Dans sa fantaisie, l’autrice choisit de donner à certains récits un aspect plus documentaire, une description précise et objective de la vie travaillée loin de ce que l’on connaît. À d’autres, elle prête des allures de contes – ainsi La Chauffe à bibinette, soit les réflexions de vie d’une livreuse type UberEats ou Amazon, dans un monde où les riches se sont coupés des pauvres. Selon son approche, elle recherche la sensation du journal intime (Les Enfants drôles et Les Pijaunes Miel, deux histoires phares de l’album) ou la méthode du manifeste féministe (Le Maillage bleu, ou la révolte des employées d’une usine de tissage, et Midinette première, qui retrace l’histoire de la travailleuse précaire et de ses révoltes). Et Delphine Panique de tout passer au filtre de son langage poétique (comment ne pas craquer devant les tout mignons pijaunes, un parmi cent exemples d’animaux, de métiers, de noms et de pays inventés), créant un écrin de douceur pour ces femmes «non qualifiées», et dont les histoires, progressivement, se font écho, s’invitent les unes chez les autres. Une chose est sûre : tout en bas de l’échelle sociale, les héroïnes de Creuser voguer connaissent beaucoup mieux le fonctionnement du monde que ce qu’on leur fait croire.

Creuser voguer, de Delphine Panique. Cornélius.

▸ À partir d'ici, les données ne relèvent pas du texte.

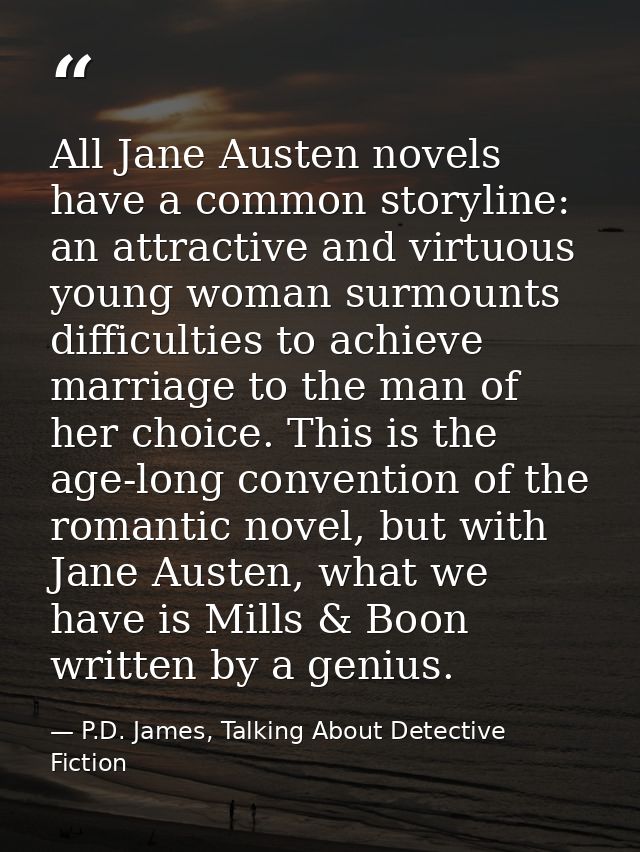 All Jane Austen novels have a common storyline: an attractive and virtuous young woman surmounts difficulties to achieve — P.D. James, Talking About Detective Fiction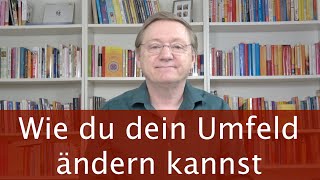 Wie du dein Umfeld ändern kannst [upl. by Nerita583]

Dix faux témoignages de dix métiers presque existants

L’histoire

Pêcher le barbe, caresser les mognoles, dresser les pijaunes, s’occuper du grand gori… Autant de métiers qui font rêver, autant de tâches guidées par la fantaisie. La réalité est pourtant moins poétique et derrière ces mots qui titillent l’imaginaire se cache l’âpreté du travail dans ce qu’il a de plus brutal. De plus injuste aussi. Car il faut être pauvre pour accepter ces besognes répétitives et lointaines, qui entretiennent la survie des plus précaires en offrant aux plus privilégiés le confort qu’ils estiment avoir mérité. Ce que chacun ignore, c’est que dans le cœur d’une mine ancienne coule une rivière fantastique, qui alimente la terre tout en menaçant de la submerger…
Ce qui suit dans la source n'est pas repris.